EL CENTURION |
VIGÉSIMA CUARTA SEMANA DEL T. O.
LUNES
SAN LUCAS 7, 1-10CON NUN SOLO GOLPE DE CLIK http://www.vatican.va/
Cuando terminó de decir todas estas palabras al pueblo que le escuchaba, entró en Cafarnaún. Había allí un centurión que tenía un siervo enfermo, a punto de morir, a quien estimaba mucho. Habiendo oído hablar de Jesús, le envió unos ancianos de los judíos para rogarle que viniera a curar a su siervo. Ellos, al llegar donde Jesús, le rogaban encarecidamente diciendo:
—Merece que hagas esto, porque aprecia a nuestro pueblo y él mismo nos ha construido una Sinagoga.

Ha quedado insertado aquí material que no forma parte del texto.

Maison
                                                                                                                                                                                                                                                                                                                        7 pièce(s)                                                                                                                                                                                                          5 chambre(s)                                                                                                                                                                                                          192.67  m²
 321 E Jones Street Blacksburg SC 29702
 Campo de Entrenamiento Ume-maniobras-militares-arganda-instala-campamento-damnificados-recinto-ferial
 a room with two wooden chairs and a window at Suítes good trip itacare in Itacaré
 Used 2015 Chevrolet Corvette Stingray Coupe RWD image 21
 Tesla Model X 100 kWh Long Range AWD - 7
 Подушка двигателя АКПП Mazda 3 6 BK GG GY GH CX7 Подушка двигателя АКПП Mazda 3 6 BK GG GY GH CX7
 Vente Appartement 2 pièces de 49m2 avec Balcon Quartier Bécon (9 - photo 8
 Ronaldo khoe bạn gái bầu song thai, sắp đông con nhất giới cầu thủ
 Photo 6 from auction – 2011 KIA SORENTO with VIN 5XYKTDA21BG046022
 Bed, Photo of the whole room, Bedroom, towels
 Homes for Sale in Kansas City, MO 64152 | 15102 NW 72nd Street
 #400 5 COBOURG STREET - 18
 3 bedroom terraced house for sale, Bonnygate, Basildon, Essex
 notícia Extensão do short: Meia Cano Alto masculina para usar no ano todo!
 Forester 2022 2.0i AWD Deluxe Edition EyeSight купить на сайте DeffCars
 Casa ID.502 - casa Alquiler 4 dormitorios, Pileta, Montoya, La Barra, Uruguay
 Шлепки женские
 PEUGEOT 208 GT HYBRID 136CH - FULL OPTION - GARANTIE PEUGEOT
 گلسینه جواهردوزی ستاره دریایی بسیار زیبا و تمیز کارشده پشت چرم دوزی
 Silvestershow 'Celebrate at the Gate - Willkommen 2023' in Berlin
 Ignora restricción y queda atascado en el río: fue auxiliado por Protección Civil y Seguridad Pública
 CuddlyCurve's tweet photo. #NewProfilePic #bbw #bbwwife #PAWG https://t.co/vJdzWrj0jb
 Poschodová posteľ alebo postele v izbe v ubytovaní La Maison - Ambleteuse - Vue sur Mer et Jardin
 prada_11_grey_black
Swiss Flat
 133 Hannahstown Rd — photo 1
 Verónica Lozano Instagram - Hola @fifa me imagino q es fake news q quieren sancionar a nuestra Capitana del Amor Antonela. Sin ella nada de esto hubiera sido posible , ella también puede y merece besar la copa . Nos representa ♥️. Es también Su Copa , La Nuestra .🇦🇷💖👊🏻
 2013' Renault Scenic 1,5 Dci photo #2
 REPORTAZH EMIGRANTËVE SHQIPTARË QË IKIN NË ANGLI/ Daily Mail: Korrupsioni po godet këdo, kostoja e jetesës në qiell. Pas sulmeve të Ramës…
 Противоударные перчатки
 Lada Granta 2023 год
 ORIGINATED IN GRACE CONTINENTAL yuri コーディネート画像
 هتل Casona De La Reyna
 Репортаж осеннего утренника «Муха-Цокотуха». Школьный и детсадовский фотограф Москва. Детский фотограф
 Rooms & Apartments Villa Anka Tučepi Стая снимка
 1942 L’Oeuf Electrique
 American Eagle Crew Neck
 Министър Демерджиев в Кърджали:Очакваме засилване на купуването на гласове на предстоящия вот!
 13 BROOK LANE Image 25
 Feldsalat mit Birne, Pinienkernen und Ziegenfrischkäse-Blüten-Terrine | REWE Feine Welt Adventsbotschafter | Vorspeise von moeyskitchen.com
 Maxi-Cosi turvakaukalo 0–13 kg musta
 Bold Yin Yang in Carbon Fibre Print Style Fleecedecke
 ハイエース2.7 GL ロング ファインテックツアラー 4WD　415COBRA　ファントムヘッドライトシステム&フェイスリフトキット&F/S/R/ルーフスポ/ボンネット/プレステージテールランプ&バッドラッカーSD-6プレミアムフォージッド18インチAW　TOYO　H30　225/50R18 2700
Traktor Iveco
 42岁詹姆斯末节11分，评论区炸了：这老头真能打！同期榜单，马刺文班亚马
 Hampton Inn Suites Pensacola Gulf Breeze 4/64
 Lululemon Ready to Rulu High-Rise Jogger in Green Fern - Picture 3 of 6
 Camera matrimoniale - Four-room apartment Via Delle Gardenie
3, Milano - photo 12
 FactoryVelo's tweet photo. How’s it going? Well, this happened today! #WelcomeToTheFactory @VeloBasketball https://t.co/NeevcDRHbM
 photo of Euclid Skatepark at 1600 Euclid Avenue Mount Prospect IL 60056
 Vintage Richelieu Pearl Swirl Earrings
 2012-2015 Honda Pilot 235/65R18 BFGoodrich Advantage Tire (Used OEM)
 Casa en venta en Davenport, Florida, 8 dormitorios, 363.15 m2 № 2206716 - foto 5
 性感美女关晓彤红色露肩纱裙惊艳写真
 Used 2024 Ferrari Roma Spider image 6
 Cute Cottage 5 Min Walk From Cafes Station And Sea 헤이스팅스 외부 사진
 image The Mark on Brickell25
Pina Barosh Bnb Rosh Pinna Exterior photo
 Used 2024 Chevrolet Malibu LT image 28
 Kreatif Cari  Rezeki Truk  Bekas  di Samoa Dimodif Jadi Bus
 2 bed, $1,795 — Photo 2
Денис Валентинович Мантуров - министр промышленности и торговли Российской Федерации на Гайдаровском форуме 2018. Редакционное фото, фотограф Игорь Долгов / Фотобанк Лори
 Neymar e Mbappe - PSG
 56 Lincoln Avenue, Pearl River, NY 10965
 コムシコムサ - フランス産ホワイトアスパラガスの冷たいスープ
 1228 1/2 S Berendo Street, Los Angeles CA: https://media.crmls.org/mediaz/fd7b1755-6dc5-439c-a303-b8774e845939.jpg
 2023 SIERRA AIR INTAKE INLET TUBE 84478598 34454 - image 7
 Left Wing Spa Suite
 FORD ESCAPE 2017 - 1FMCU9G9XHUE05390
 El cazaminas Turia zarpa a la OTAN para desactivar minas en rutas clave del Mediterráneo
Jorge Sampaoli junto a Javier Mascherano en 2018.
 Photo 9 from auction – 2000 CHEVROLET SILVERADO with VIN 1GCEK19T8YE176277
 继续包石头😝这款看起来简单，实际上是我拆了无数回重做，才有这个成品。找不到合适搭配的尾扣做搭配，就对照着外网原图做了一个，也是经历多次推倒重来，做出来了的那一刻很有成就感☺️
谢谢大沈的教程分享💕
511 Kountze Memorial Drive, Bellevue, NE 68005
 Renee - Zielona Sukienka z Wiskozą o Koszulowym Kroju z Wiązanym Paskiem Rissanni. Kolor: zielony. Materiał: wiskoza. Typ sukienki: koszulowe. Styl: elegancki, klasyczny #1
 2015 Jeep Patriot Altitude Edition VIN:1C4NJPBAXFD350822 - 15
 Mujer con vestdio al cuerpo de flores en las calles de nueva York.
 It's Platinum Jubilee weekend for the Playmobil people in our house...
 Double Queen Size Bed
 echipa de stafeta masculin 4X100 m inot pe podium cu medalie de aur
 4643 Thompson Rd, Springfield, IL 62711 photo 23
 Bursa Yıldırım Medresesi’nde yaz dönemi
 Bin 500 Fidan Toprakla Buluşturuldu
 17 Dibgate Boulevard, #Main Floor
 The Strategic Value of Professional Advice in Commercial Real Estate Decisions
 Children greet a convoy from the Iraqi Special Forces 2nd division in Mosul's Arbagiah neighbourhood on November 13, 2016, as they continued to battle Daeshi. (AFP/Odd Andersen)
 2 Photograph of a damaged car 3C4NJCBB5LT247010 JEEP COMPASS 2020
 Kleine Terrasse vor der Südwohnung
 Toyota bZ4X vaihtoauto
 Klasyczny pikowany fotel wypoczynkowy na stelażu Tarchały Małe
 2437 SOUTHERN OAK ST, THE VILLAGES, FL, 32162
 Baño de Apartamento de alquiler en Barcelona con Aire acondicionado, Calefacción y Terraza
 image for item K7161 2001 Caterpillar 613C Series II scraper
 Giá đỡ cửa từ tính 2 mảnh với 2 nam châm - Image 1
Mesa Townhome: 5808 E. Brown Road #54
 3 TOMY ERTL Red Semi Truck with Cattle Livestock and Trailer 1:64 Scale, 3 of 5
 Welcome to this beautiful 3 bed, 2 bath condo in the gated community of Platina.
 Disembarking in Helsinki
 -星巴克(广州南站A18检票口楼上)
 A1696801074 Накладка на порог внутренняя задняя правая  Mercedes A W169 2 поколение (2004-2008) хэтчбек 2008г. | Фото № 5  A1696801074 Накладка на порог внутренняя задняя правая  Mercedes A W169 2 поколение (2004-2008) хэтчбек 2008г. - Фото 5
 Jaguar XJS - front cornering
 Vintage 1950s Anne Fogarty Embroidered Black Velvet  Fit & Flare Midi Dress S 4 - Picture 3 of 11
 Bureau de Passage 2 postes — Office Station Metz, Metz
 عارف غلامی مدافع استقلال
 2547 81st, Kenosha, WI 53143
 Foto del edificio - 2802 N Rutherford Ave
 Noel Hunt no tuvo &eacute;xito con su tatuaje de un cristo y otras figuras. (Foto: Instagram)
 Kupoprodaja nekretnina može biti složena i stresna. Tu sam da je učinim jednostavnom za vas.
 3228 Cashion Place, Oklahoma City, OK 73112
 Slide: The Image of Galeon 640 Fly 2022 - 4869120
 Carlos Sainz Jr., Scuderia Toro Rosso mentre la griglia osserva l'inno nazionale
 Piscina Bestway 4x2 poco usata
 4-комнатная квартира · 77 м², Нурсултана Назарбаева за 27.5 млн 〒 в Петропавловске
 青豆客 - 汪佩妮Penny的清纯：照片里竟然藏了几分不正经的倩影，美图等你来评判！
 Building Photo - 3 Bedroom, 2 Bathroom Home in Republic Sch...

Jesús, pues, se puso en camino con ellos. Y no estaba ya lejos de la casa cuando el centurión le envió unos amigos para decirle:
—Señor, no te tomes esa molestia, porque no soy digno de que entres en mi casa, por eso ni siquiera yo mismo me he considerado digno de ir a tu encuentro. Pero dilo de palabra y mi criado quedará sano. Pues tam-bién yo soy un hombre sometido a disciplina y tengo soldados bajo mis órdenes. Le digo a uno: vete, y va; y al otro; Ven, y viene; y a mi siervo: Haz esto, y lo hace.
Al oír esto, Jesús se admiró de él, y volviéndose a la multitud que le seguía, dijo:
—Os digo que ni siquiera en Israel he encontrado una fe tan grande.
Y cuando volvieron a casa, los enviados encontraron sano al siervo.
El pueblo estaba embobado con tu doctrina. Te seguía con fidelidad y respeto. Tú, Señor, también respondías con el pueblo. No dejabas de hablar. Te gustaba apurar el tiempo y sacarle partido. Todos te despedían contentos cuando Tú ibas a otras cosas. Al acabar de decir tus palabras, entraste en Cafarnaún.
En esta ciudad había un centurión que tenía un siervo enfermo, a punto de morir. Este centurión era estimado en el lugar; se había portado bien con la gente. Por su parte él, afianzado en su buena fama, envió unos ancianos, que te dijeran que fueras a curar a su siervo. Y los ancianos accedieron.
Llegaron hasta Ti y te rogaron para que fueras a curar al siervo del centurión; una y otra vez insistieron que era una buena persona; que se lo merecía; que había construido una Sinagoga para el pueblo; que convenía corresponder con aquel extranjero.
Y Tú, Señor, te pusiste en camino. Volvieron de nuevo a decirte que el centurión era un hombre bueno; que todos le querían. Y así las cosas, ibais acercándoos al lugar donde reposaba el enfermo. En esto llegan unos amigos del centurión con un mensaje.
“Señor, no te molestes”. El centurión dice que no merece que Tú entres en su casa, que basta con que digas una palabra y el siervo quedará curado; que él también actúa así; que manda y le obedecen, que ordena y cumplen lo mandado.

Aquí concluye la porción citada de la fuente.